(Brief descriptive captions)
++++++++
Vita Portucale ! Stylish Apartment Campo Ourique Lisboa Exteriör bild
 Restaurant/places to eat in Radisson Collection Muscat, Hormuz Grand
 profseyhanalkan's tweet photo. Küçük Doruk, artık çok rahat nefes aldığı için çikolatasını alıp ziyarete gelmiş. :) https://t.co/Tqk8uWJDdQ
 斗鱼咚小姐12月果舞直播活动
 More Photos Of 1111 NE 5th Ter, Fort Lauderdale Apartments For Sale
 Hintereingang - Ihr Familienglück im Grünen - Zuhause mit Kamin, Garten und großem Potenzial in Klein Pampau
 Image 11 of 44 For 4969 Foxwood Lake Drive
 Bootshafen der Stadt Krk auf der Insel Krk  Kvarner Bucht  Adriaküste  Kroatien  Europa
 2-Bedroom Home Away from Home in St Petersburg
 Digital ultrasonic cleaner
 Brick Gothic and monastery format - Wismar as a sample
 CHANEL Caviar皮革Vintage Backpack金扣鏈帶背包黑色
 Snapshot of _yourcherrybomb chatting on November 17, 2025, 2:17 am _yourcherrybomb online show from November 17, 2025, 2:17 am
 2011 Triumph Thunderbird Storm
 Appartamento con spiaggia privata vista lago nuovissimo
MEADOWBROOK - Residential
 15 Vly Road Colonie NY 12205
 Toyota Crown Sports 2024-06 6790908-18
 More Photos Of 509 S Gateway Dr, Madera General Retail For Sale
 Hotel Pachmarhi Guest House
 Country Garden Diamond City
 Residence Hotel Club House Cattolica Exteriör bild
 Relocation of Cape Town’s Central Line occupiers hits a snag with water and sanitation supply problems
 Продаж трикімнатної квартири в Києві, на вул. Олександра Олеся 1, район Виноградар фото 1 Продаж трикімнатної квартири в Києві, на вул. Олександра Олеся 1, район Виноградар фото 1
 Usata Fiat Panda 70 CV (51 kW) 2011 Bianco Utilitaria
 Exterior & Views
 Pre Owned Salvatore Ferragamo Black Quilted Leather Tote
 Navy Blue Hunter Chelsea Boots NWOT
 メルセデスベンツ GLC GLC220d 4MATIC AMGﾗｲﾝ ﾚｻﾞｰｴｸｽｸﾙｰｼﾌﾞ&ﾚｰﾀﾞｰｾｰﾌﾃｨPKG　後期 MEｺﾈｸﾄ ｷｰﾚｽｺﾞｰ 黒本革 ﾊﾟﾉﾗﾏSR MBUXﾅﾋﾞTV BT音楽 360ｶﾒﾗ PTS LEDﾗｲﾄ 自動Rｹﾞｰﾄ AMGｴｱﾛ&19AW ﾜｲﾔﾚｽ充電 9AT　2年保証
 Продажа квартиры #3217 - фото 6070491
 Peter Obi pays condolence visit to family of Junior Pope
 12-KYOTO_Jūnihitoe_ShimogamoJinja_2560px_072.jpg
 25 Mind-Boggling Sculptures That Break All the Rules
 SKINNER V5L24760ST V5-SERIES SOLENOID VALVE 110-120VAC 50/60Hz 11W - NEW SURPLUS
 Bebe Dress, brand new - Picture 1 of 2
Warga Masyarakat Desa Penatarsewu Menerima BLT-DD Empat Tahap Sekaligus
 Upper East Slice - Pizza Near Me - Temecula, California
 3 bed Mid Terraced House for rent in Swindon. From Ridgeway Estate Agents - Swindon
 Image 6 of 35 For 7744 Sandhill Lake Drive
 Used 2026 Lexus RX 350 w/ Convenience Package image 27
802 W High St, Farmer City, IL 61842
++++++++
Work instructions: On how many lines of the records above does the word "More" appear? Answer with only that number.

Response for this exercise: 2